HELENA — The Montana Department of Natural Resources and Conservation (DNRC) reports significant revenue from recent oil and gas lease sales on state trust lands, netting $1,187,194 from the first quarter of 2022.
“Ramping up American-made energy in Montana is one of many ways to reduce our reliance on foreign energy sources,” Gov. Greg Gianforte said. “Additionally, proceeds from these oil and gas lease sales will benefit our schools, ensuring our kids have access to the best education possible.”
Approved by the State Board of Land Commissioners Monday morning, this sale represents the most revenue from a sale since 2014. The state also reports it as being the seventh-highest average bid price per acre in the history of oil and gas lease sales on state trust lands.
The first quarter sale included 36 tracts in Daniels, Phillips, Roosevelt, Rosebud, Toole and Valley counties.
The state attributes the record-setting sale and number of bids to holding the lease sale in an online auction format through EnergyNet.

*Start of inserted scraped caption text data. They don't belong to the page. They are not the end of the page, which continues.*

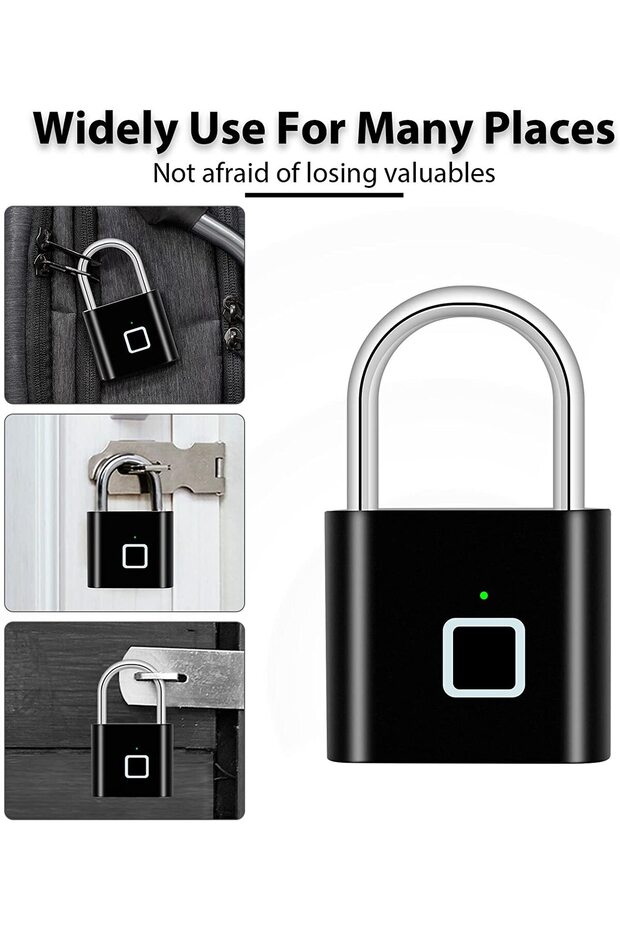 M864 Sensor Lock, Smart, Battery, Black - 4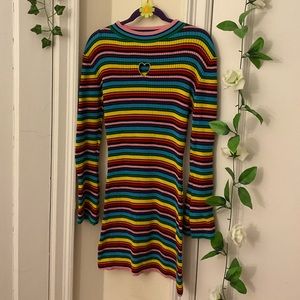 ✨ 🌈 Lazy Oaf rainbow bell-sleeved dress 🌈 ✨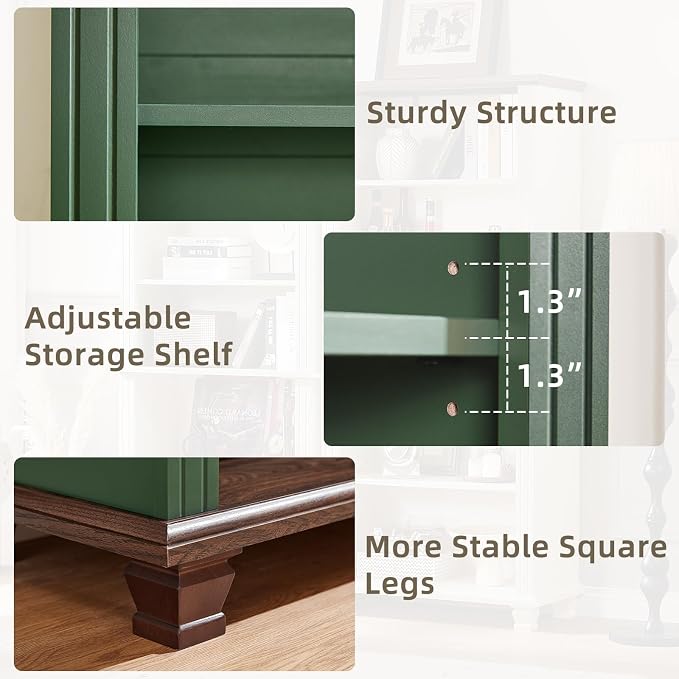 70" Tall Green Bookshelf, 5 Tier Wooden Book Shelf - Image 8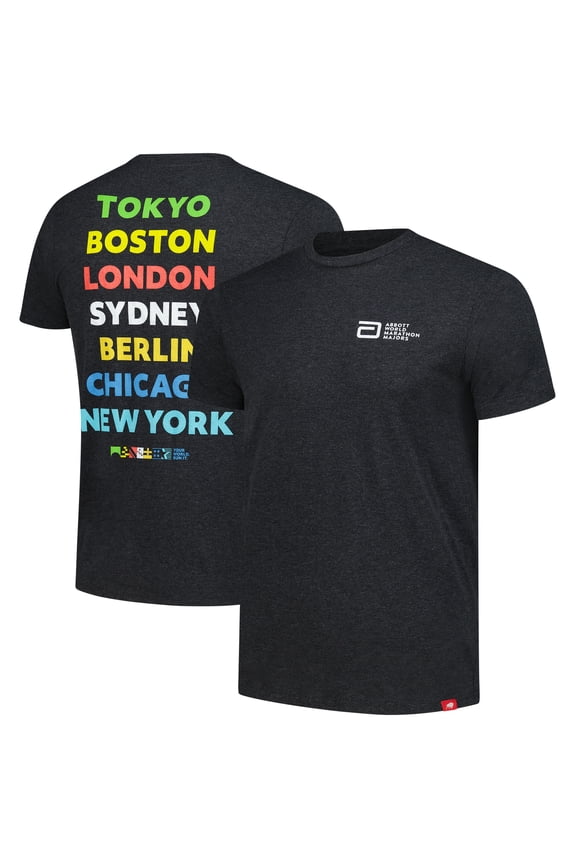 Unisex-Sportiqe  Black World Marathon Majors T-Shirt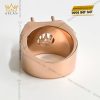 Vỏ nhẫn nam vàng hồng nguyên khối Au750 đính kim cương
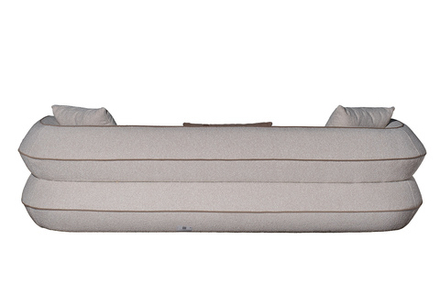 Диван Garda Decor Амели (Amelia) трехместный букле светлый 253*100*67 см с бежевым кантом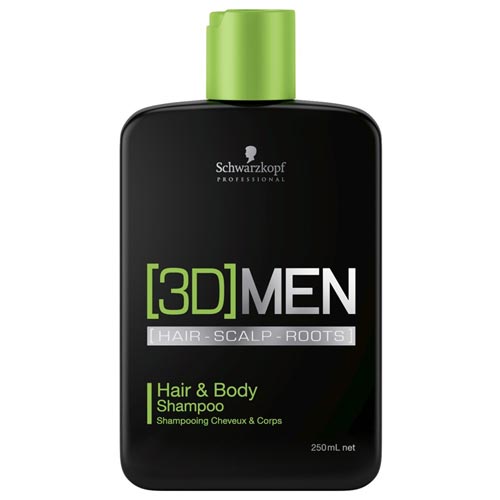 Frasco de champô Schwarzkopf 3D MEN para cabelo e corpo preto com tampa verde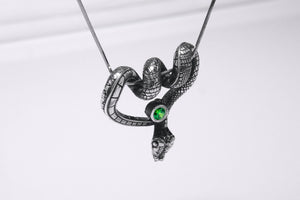 Sterling Silver Snake Pendant with Green Gem, Unique Animal Jewelry - vikingworkshop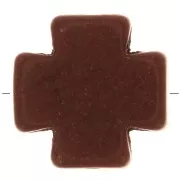 Perla croce greca 15 mm imitazione Howlite tinta - Marrone x1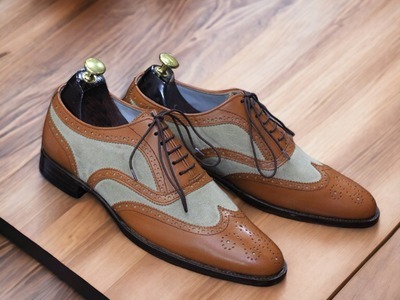 Men's Two Tone Leather & Suede Lace Up Wing Tip Handmade Office Shoes
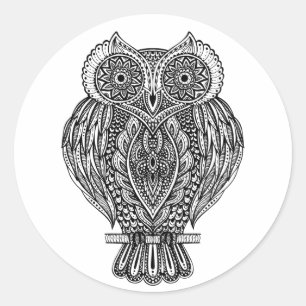 Inspired Hand Drawn Ornate Owl Classic Round Sticker
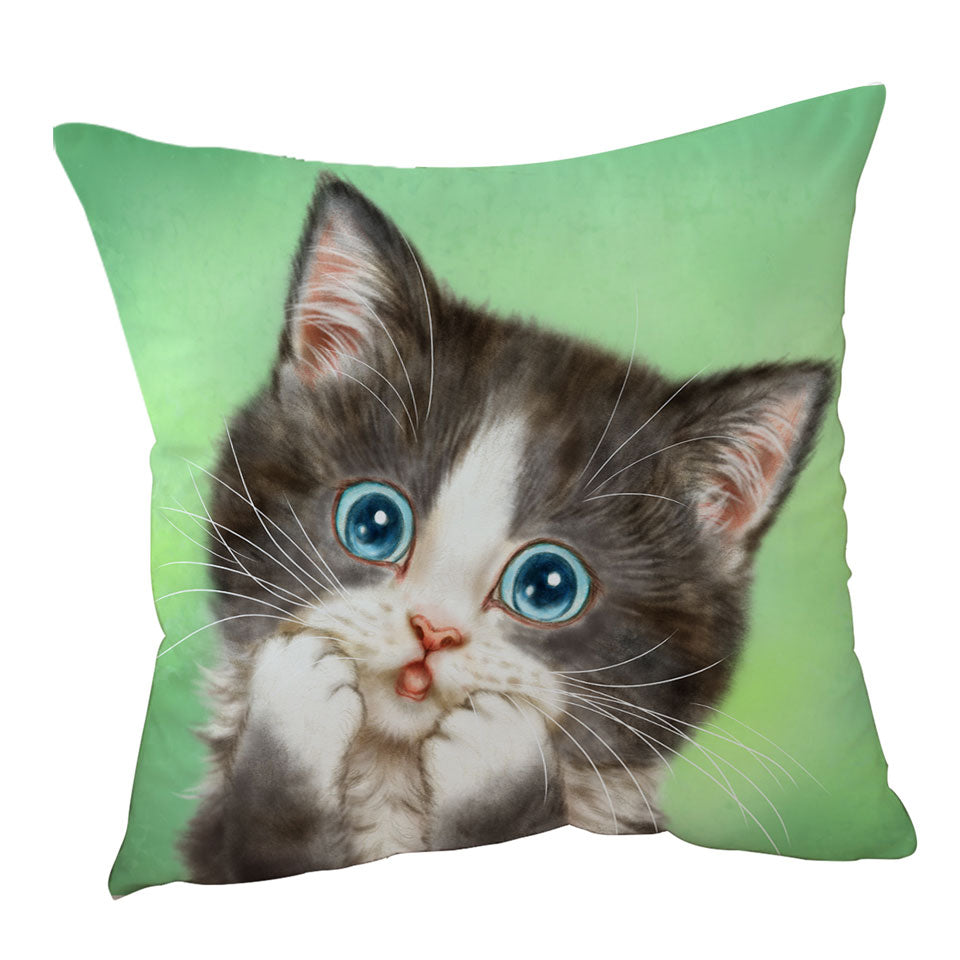 Baby Designs Cushions Lovely Sweet Kitten over Green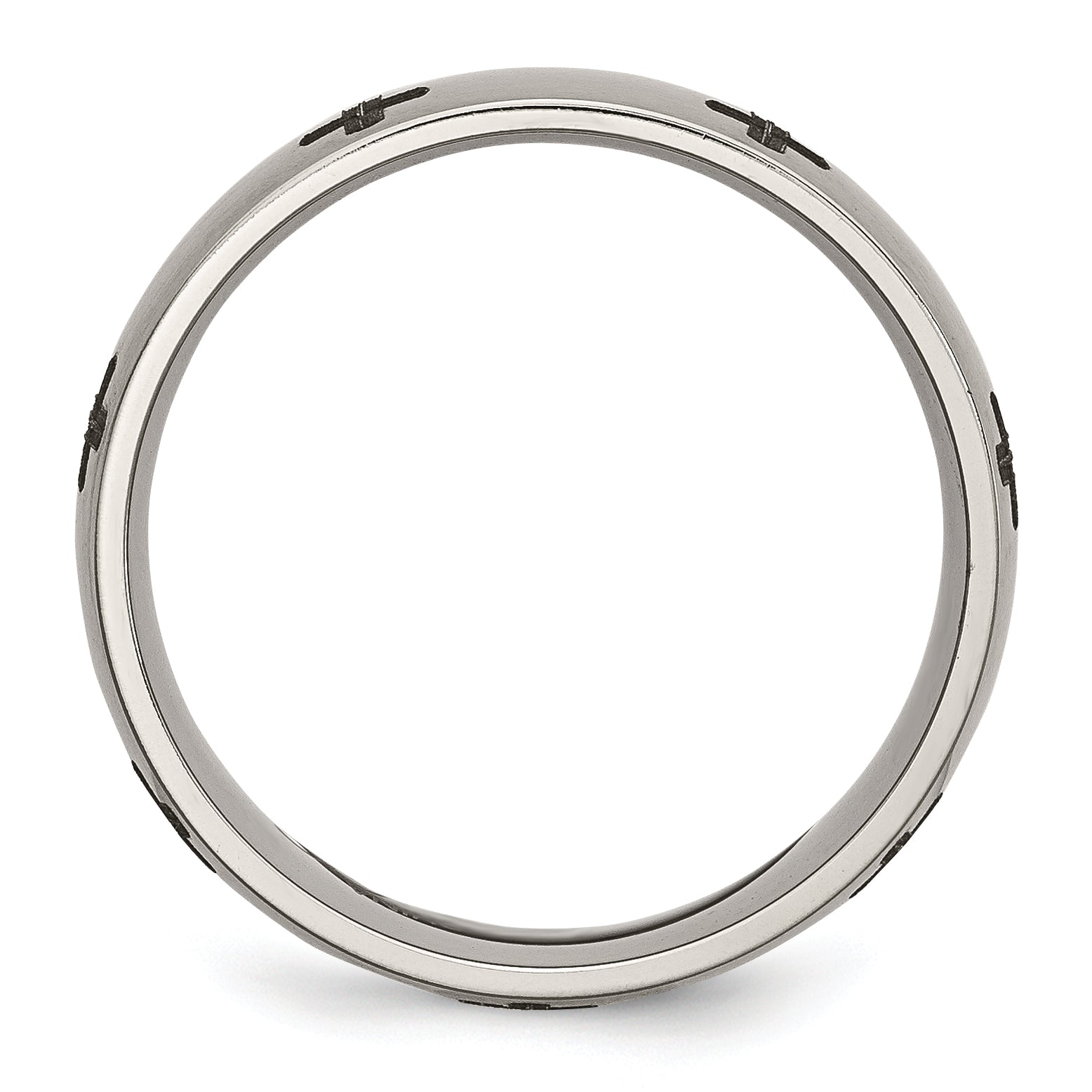 Titanium Unisex Wedding Band with Laser Design and Engravable Finish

This is the second lease sale to be held online.
“Our Trust Lands Management Division took to heart Governor Gianforte’s goal to reduce red tape across state government. Moving sales to an online format allows more bidders to participate in auctions, increasing competition and bid amounts,” DNRC Director Amanda Kaster said.
Funds generated by leases on state trust lands contribute to the education fund for the state. Oil and gas leases are comprised of a set annual leasing fee per acre, plus a one-time competitive bid, known as the bonus amount. If the leases are developed and produce oil, they generate additional royalty revenues.
DNRC manages state trust lands, including the auction of oil and gas leases. The next oil and gas lease sale is taking place in June and has 179 nominated tracts.
The State Board of Land Commissioners is comprised of Gianforte, state Superintendent of Public Instruction Elsie Arntzen, Attorney General Austin Knudsen, Secretary of State Christi Jacobsen and State Auditor Troy Downing.